L’aria che tira

By 29 Marzo 2007Editoriali

Come sono impegnati gli evangelici: nessuno che, nell’ultimo periodo, abbia il tempo di guardare la televisione. Altrimenti, probabilmente, almeno qualcuno sarebbe rimasto turbato da una pubblicità che va in onda in ogni fascia oraria, nella quale uno scoiattolo salva un bosco dall’incendio attraverso un peto. Sì, proprio così.

Naturalmente il messaggio è – o almeno, lo si vuole ammannire così – ammantato di ironia; probabilmente gli ideatori ci diranno che la provocazione fa parlare e quindi paga, e soprattutto ci diranno che ormai anche il sommovimento intestinale è stato sdoganato in televisione dai tanti reality e dalla pubblicità.
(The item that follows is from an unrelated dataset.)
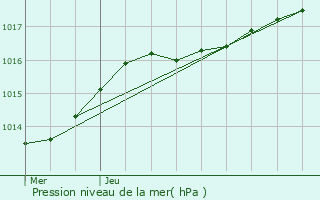 Graphe de la pression atmosphrique prvue pour Zele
Ci diranno questo e non si sa cos’altro ancora per farci sentire antichi, dispensando un sorriso di commiserazione di fronte alle nostre rimostranze, che bolleranno come ipocrisia borghese.
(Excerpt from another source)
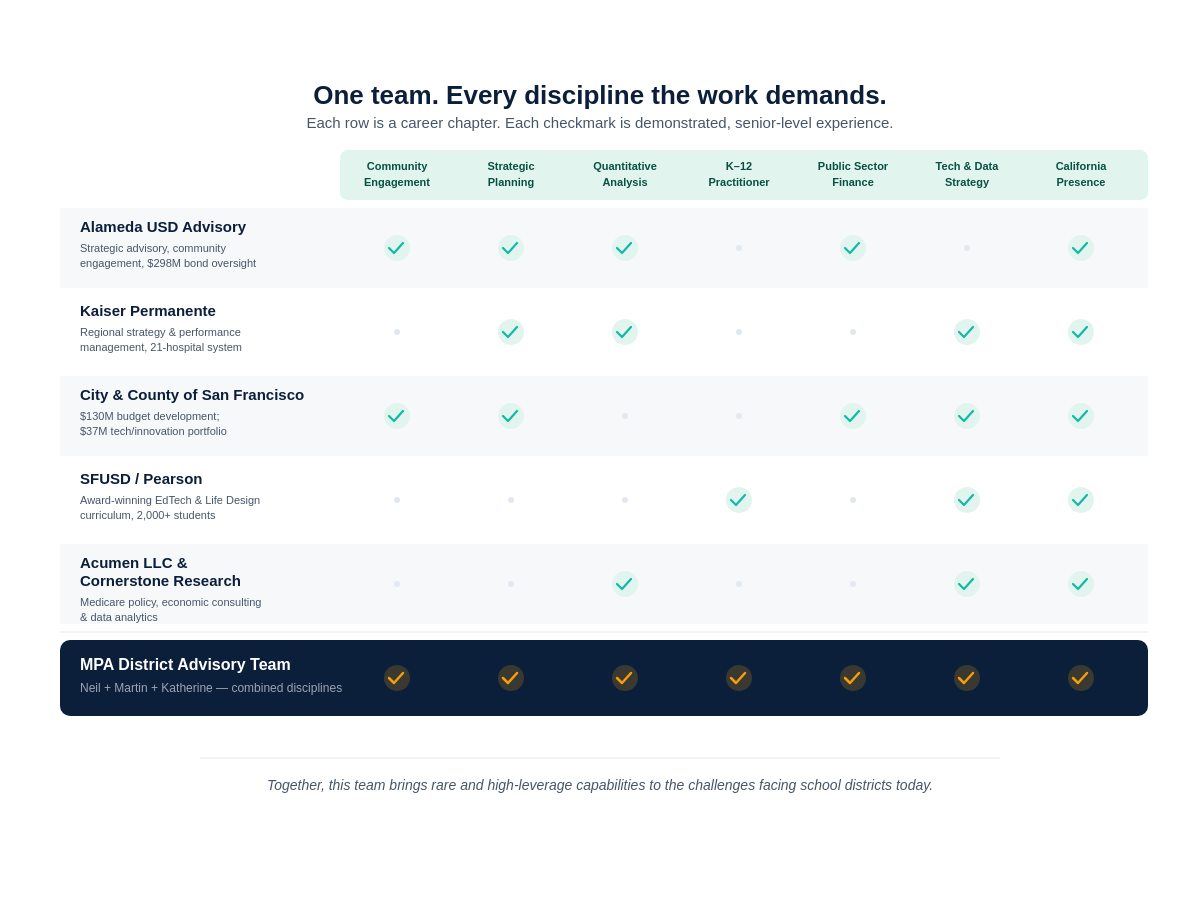 MPA Disciplines Matrix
Eppure, al di là delle ipocrisie, qualcosa turba. Non è tanto una questione di valori: siamo ben consapevoli che, in un periodo storico che vede un’inflazione di provocazioni, l’indignazione va moderata e modulata, riservandola alle cose serie. Forse è per questo senso di responsabilità che non ci è giunta nessuna segnalazione, per esempio, da parte dei nostri affezionati lettori, cui riconosciamo il merito di essere sempre attenti a cogliere il minimo dettaglio fuori posto.
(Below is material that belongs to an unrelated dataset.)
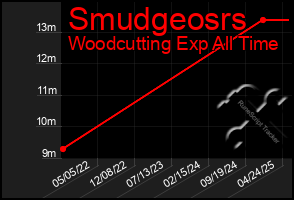 Total Graph of Smudgeosrs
Tuttavia, se questo spot è normale, è accettabile, non turba più di tanto, vuol dire che qualcosa è cambiato nel nostro modo di guardare il mondo e di accettare quel che ci circonda. Non è questione di valori: su quelli siamo ben saldi e, spesso, fin troppo intransigenti. No, ciò che manca è qualcosa di più banale, che però una volta veniva insegnato, richiesto e ribadito con forza nelle famiglie, nei rapporti sociali di ogni tipo, nel modo di comportarsi: l’educazione. Era la norma, fino alla generazione scorsa.

Se non ci turba più nulla ci sono due possibilità: siamo troppo impegnati nelle nostre crociate per sapere quel che avviene attorno a noi e indignarci. Oppure siamo assuefatti, fatalisticamente rassegnati al “purtroppo” d’ordinanza.